I would choose to have the 16gb SSD instead of 8 and probably install Xp on it,Or windows 7.



I was confused by this below though...what would i choose?  Will either one work abroad?






[/IMG]


----------



## Quiltface

The only thing i didnt like about the SSD is that they are so small... I saw on new egg a SSD drive that was 30GB for $120 i think.  but still...  I got the 160GB model.  since it doesnt have a cd rom  i like to put a few ISO on it and run power iso to mount them.

Also Im anti dell, I think their support and products are poor.  but if the price is right for you i can't argue with ya about that.   A dell netbook might not be too bad since they cant load it with crap.


----------



## LJN

I did run 7 on the netbook, but I found it quite strange. I put the ubuntu verison on it and it runs very nicely. make sure you dual boot and get a good space Hard drive.


----------



## speedyink

Nevakonaza said:


> I was confused by this below though...what would i choose?  Will either one work abroad?



Either one will, one just has a better range and speed.  

There is also nothing wrong with Dell's, I still have and love my Dell Inspiron 6400.

Also I don't know what's strange about windows 7 on a netbook...runs perfect on mine


----------



## PohTayToez

How much is the Dell?  Also, you might want to look into getting one with a normal hard drive.  Mine has a 20GB SSD, and while the speed of the SSD works somewhat to counter the weak processor, I think I would have rather have went with a normal hard drive between 80GB and 160GB (although they didn't offer it when I bought mine).

Although, I do have a lot of media on mine, so if you plan on using it strictly for small applications and interenet, 16GB will probably be fine.


----------



## Shane

The more i read up on this Mini 10 the more i want it! The clips on youtube look amazing.

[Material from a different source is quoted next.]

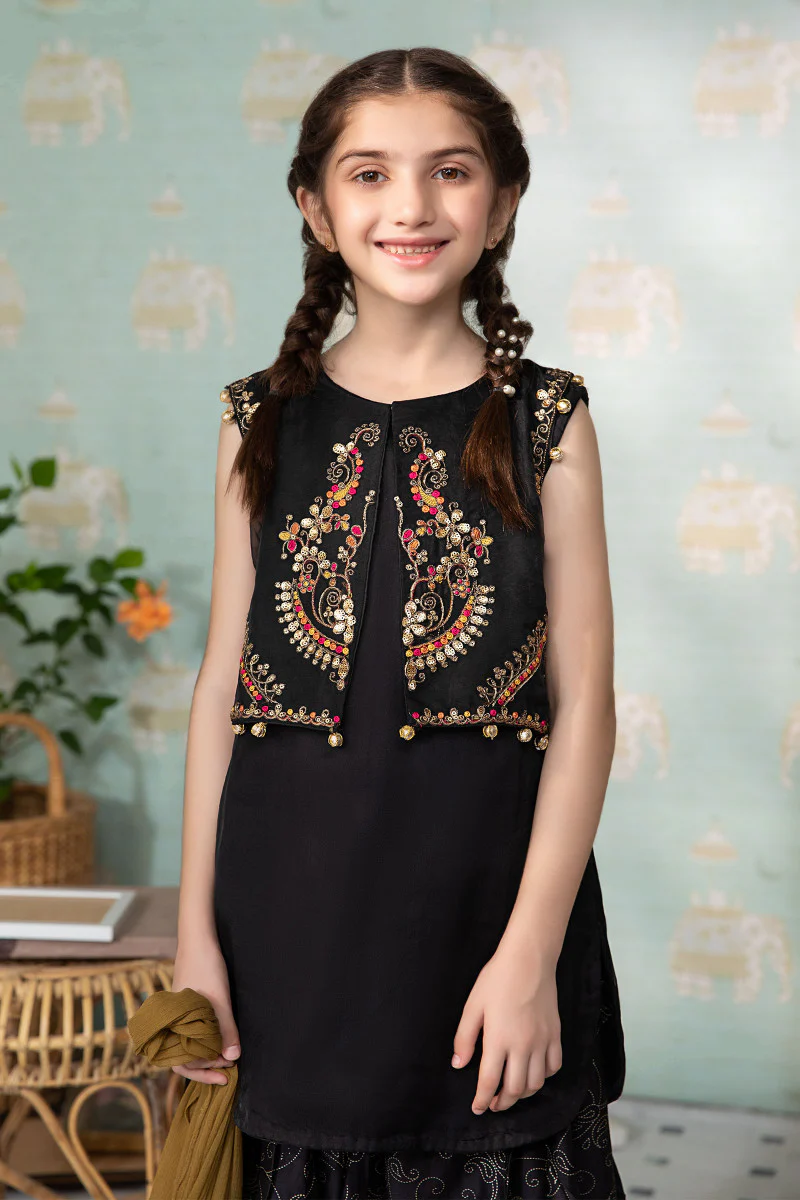 Suit Black MKS-PF22-09 - Image 2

All together including the better Wireless 1510 option is £222.

Ive thought it through and,I think the 8gb SSD will be more than enough,I only want to install windows Xp which isnt very big and Firefox thats about it because it will be strictly for internet use.

I have an External 500Gb that i keep all my docs on anyway so i can just hook that up if i need to.

Im going to install Xp the USB data stick method....no need for cd drive!


----------



## speedyink

Nevakonaza said:


> Im going to install Xp the USB data stick method....no need for cd drive!



Hell yeah!  I install windows on all my computers like that now.


----------



## Bodaggit23

Nevakonaza said:


> Im going to install Xp the USB data stick method....no need for cd drive!



Which method are you using to format the USB stick?

I've installed Vista and Windows 7 this way but I've never gotten XP
to install by USB.


----------



## Shane

Bodaggit23 said:


> Which method are you using to format the USB stick?
> 
> I've installed Vista and Windows 7 this way but I've never gotten XP
> to install by USB.



Well, was going to do it like explained here...

http://www.liliputing.com/2008/04/install-windows-xp-on-mini-note-usb.html

But ive got to admit,The custom Ubuntu install done by Dell looks pretty slick so if that does everything i want it to il leave ubuntu on there.


----------



## Shane

Now theres a new contender in the ring!

http://www.ebuyer.com/product/165735#

Poll created here!

http://www.computerforum.com/151712-one-would-you-choose.html#post1251899


----------



## kakarothusain

If your netbook has Wifi router then only you can use wireless connection anywhere in the world but ya if you are having plug to surf then too you can use internet anywhere in the world..


----------